A class action lawsuit filed yesterday in Baltimore County says Wells Fargo bank should repay hundreds of thousands of dollars it overcharged Maryland residents in recent home refinancing deals.
According to the lawsuit, the San Francisco-based bank charged some refinancing customers an unnecessary tax, and then passed that money onto the homeowners' county governments.
"Most of these people have no idea that they've overpaid these taxes," said Matthew Azrael, the Towson attorney who is representing the plaintiffs.
Now that the bank knows that many of its customers were, in fact, exempt from recordation taxes, it should return the money, the lawsuit says.
A Wells Fargo spokeswoman said yesterday that the company's legal department was looking into the lawsuit. She said she could not comment on the case further.
In July, Wells Fargo spokesman Alejandro Hernandez said the company had overcharged some customers because of misunderstandings in the bank's home mortgage unit, according to the Associated Press. It should have been claiming the tax exemption for its customers, but instead was paying the full tax, he said.
At that time, Hernandez said the bank would not ask counties to return the money.
Lawrence and Karen Adashek are the named plaintiffs in the case filed yesterday.
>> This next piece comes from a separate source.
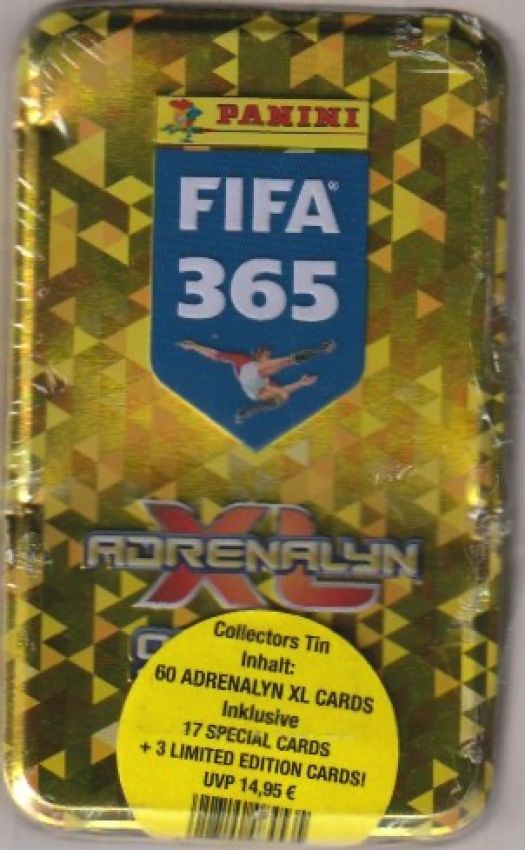 Football 2018 Panini FIFA 365 Adrenalyn XL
The Baltimore County couple refinanced two mortgages this year, Lawrence Adashek said, hoping to take advantage of historically low interest rates.
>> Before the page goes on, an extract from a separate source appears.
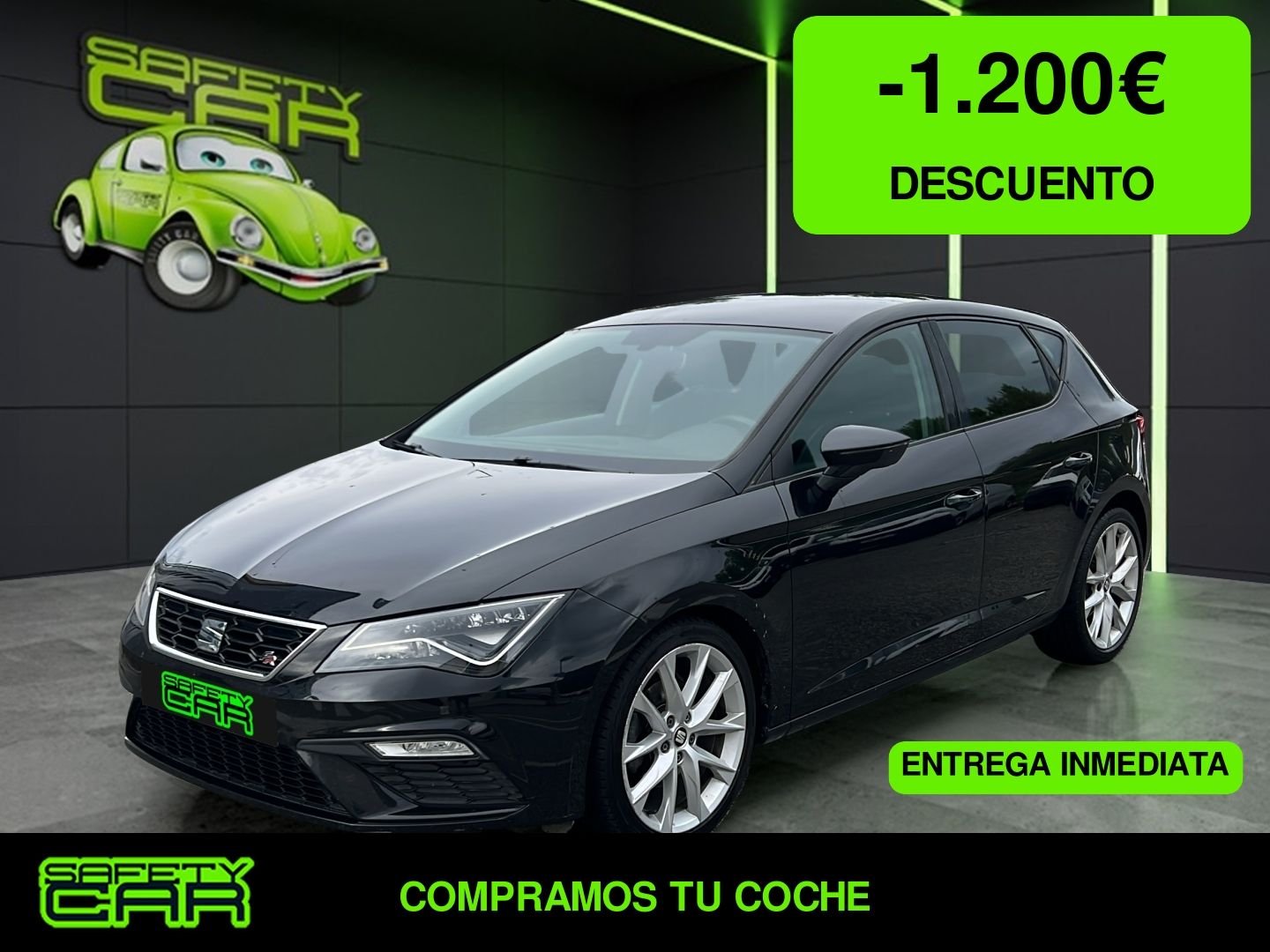 SEAT León 2.0 TDI CR S&S FR DSG 110 kW (150 CV)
But when Adashek compared the settlement sheets from the refinancing on his first mortgage with the one from his second, he saw that only the second refinancing, the one handled by Wells Fargo, charged him recordation taxes.
Adashek said he called his settlement officer and asked about the charges. The settlement officer told him that he, like others involved in similar refinancings, was exempt from those taxes, he said.
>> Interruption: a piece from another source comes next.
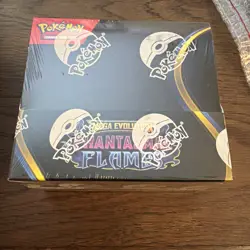 Pokemon TCG - Phantasmal Flames Booster Box - NEW Factory SEALED - Image 1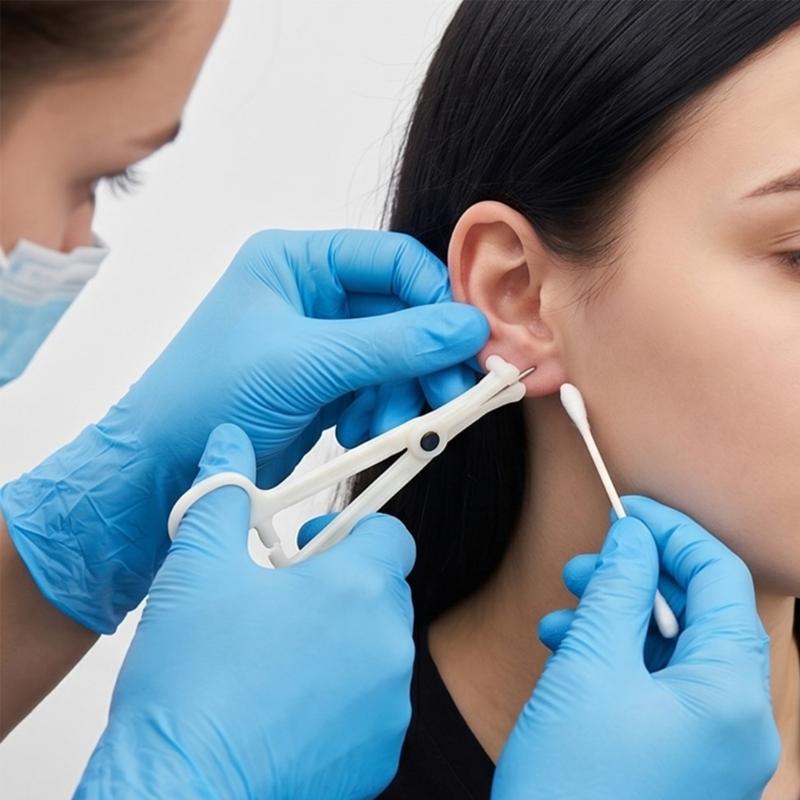 Complete 64-delige piercingsie - Body Jewelry Gauges recensie en prijs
In total, according to the lawsuit, Wells Fargo had charged Adashek $325.50 extra. Adashek called his lawyer.
"I saw the fact that if Wells Fargo had done this to me, they've done this to a huge number of people," Adashek said.
Azrael said thousands of Maryland residents may be in similar situations. He pointed to numbers from Frederick County, which show that in just four days of refinancings this year, more than $137,800 had been overpaid in recordation taxes. Most of those cases were from Wells Fargo-handled refinancings.
The lawsuit alleges negligence, breach of contract and violations of the Maryland Consumer Protection Act.
As a class action, the lawsuit would try to collect damages for all Maryland residents whose situations are legally similar to the Adasheks'.
The suit asks for compensatory damages to cover the amount of excess taxes paid by homeowners, money to cover any additional interest and attorneys' fees.